─── Data for this exercise

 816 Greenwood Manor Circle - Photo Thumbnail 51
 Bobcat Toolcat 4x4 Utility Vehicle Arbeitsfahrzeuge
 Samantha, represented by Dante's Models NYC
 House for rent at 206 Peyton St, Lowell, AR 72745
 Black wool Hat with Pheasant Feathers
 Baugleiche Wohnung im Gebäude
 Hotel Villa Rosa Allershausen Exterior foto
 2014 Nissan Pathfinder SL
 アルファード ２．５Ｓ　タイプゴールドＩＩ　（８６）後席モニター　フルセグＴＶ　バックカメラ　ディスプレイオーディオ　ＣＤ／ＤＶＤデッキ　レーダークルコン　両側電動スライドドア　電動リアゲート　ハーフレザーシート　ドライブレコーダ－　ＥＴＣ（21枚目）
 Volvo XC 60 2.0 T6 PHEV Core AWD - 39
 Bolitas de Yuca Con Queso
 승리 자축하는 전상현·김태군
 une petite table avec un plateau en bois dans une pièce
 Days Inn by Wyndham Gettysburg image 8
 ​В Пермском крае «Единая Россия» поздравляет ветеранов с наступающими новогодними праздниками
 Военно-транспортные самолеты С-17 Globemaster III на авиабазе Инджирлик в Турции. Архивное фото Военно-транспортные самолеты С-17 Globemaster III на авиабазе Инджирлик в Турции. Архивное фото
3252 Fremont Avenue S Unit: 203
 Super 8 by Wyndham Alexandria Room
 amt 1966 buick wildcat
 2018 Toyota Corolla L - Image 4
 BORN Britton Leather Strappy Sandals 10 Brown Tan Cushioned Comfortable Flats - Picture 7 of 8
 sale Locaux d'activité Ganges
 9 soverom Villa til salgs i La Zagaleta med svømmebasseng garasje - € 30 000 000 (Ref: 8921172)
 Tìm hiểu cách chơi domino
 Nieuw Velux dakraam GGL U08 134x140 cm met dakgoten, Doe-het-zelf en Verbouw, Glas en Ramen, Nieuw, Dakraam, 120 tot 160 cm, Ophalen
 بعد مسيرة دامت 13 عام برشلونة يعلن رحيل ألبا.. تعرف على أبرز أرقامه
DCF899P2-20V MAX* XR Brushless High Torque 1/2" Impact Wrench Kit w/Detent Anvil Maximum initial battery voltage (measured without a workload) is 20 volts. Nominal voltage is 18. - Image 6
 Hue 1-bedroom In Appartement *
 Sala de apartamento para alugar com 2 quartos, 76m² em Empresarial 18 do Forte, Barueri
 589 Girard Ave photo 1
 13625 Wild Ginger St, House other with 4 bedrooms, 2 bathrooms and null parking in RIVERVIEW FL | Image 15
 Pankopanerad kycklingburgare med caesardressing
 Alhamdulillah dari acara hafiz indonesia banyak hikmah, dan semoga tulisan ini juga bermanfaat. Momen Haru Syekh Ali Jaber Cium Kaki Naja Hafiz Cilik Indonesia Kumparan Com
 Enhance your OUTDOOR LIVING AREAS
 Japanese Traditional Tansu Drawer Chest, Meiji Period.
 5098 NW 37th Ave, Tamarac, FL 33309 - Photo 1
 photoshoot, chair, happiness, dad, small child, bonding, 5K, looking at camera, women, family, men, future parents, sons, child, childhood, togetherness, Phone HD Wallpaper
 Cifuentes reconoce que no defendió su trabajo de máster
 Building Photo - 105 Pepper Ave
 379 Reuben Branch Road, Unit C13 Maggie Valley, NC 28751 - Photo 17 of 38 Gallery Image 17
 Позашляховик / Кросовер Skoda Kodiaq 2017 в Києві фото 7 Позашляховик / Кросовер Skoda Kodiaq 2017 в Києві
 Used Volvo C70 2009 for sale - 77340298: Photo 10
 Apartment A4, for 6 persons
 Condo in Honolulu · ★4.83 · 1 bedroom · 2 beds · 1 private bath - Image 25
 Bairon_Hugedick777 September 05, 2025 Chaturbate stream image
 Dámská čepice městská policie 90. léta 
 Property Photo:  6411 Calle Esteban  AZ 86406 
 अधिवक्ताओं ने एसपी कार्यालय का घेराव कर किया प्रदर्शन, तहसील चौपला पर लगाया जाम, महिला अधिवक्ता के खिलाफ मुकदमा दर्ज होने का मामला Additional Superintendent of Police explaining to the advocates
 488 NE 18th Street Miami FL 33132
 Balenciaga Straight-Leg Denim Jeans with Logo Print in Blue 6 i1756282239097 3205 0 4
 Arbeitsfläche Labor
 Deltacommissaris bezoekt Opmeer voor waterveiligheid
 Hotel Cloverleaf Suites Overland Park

──────

> _Task directions_
The answer is the full set of records, printed exactly as given.

> _Task solution_
 816 Greenwood Manor Circle - Photo Thumbnail 51
 Bobcat Toolcat 4x4 Utility Vehicle Arbeitsfahrzeuge
 Samantha, represented by Dante's Models NYC
 House for rent at 206 Peyton St, Lowell, AR 72745
 Black wool Hat with Pheasant Feathers
 Baugleiche Wohnung im Gebäude
 Hotel Villa Rosa Allershausen Exterior foto
 2014 Nissan Pathfinder SL
 アルファード ２．５Ｓ　タイプゴールドＩＩ　（８６）後席モニター　フルセグＴＶ　バックカメラ　ディスプレイオーディオ　ＣＤ／ＤＶＤデッキ　レーダークルコン　両側電動スライドドア　電動リアゲート　ハーフレザーシート　ドライブレコーダ－　ＥＴＣ（21枚目）
 Volvo XC 60 2.0 T6 PHEV Core AWD - 39
 Bolitas de Yuca Con Queso
 승리 자축하는 전상현·김태군
 une petite table avec un plateau en bois dans une pièce
 Days Inn by Wyndham Gettysburg image 8
 ​В Пермском крае «Единая Россия» поздравляет ветеранов с наступающими новогодними праздниками
 Военно-транспортные самолеты С-17 Globemaster III на авиабазе Инджирлик в Турции. Архивное фото Военно-транспортные самолеты С-17 Globemaster III на авиабазе Инджирлик в Турции. Архивное фото
3252 Fremont Avenue S Unit: 203
 Super 8 by Wyndham Alexandria Room
 amt 1966 buick wildcat
 2018 Toyota Corolla L - Image 4
 BORN Britton Leather Strappy Sandals 10 Brown Tan Cushioned Comfortable Flats - Picture 7 of 8
 sale Locaux d'activité Ganges
 9 soverom Villa til salgs i La Zagaleta med svømmebasseng garasje - € 30 000 000 (Ref: 8921172)
 Tìm hiểu cách chơi domino
 Nieuw Velux dakraam GGL U08 134x140 cm met dakgoten, Doe-het-zelf en Verbouw, Glas en Ramen, Nieuw, Dakraam, 120 tot 160 cm, Ophalen
 بعد مسيرة دامت 13 عام برشلونة يعلن رحيل ألبا.. تعرف على أبرز أرقامه
DCF899P2-20V MAX* XR Brushless High Torque 1/2" Impact Wrench Kit w/Detent Anvil Maximum initial battery voltage (measured without a workload) is 20 volts. Nominal voltage is 18. - Image 6
 Hue 1-bedroom In Appartement *
 Sala de apartamento para alugar com 2 quartos, 76m² em Empresarial 18 do Forte, Barueri
 589 Girard Ave photo 1
 13625 Wild Ginger St, House other with 4 bedrooms, 2 bathrooms and null parking in RIVERVIEW FL | Image 15
 Pankopanerad kycklingburgare med caesardressing
 Alhamdulillah dari acara hafiz indonesia banyak hikmah, dan semoga tulisan ini juga bermanfaat. Momen Haru Syekh Ali Jaber Cium Kaki Naja Hafiz Cilik Indonesia Kumparan Com
 Enhance your OUTDOOR LIVING AREAS
 Japanese Traditional Tansu Drawer Chest, Meiji Period.
 5098 NW 37th Ave, Tamarac, FL 33309 - Photo 1
 photoshoot, chair, happiness, dad, small child, bonding, 5K, looking at camera, women, family, men, future parents, sons, child, childhood, togetherness, Phone HD Wallpaper
 Cifuentes reconoce que no defendió su trabajo de máster
 Building Photo - 105 Pepper Ave
 379 Reuben Branch Road, Unit C13 Maggie Valley, NC 28751 - Photo 17 of 38 Gallery Image 17
 Позашляховик / Кросовер Skoda Kodiaq 2017 в Києві фото 7 Позашляховик / Кросовер Skoda Kodiaq 2017 в Києві
 Used Volvo C70 2009 for sale - 77340298: Photo 10
 Apartment A4, for 6 persons
 Condo in Honolulu · ★4.83 · 1 bedroom · 2 beds · 1 private bath - Image 25
 Bairon_Hugedick777 September 05, 2025 Chaturbate stream image
 Dámská čepice městská policie 90. léta 
 Property Photo:  6411 Calle Esteban  AZ 86406 
 अधिवक्ताओं ने एसपी कार्यालय का घेराव कर किया प्रदर्शन, तहसील चौपला पर लगाया जाम, महिला अधिवक्ता के खिलाफ मुकदमा दर्ज होने का मामला Additional Superintendent of Police explaining to the advocates
 488 NE 18th Street Miami FL 33132
 Balenciaga Straight-Leg Denim Jeans with Logo Print in Blue 6 i1756282239097 3205 0 4
 Arbeitsfläche Labor
 Deltacommissaris bezoekt Opmeer voor waterveiligheid
 Hotel Cloverleaf Suites Overland Park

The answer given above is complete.